[Saved data entries]
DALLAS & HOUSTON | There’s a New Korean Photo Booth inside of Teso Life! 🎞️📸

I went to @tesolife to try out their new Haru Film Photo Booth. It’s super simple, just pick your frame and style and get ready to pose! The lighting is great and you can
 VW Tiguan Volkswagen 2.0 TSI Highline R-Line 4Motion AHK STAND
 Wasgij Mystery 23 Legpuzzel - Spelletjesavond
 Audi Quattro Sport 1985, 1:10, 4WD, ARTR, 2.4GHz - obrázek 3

■ **Work task**: From the entries above, copy each line holding "Booth".

■ **Response**:
DALLAS & HOUSTON | There’s a New Korean Photo Booth inside of Teso Life! 🎞️📸
I went to @tesolife to try out their new Haru Film Photo Booth. It’s super simple, just pick your frame and style and get ready to pose! The lighting is great and you can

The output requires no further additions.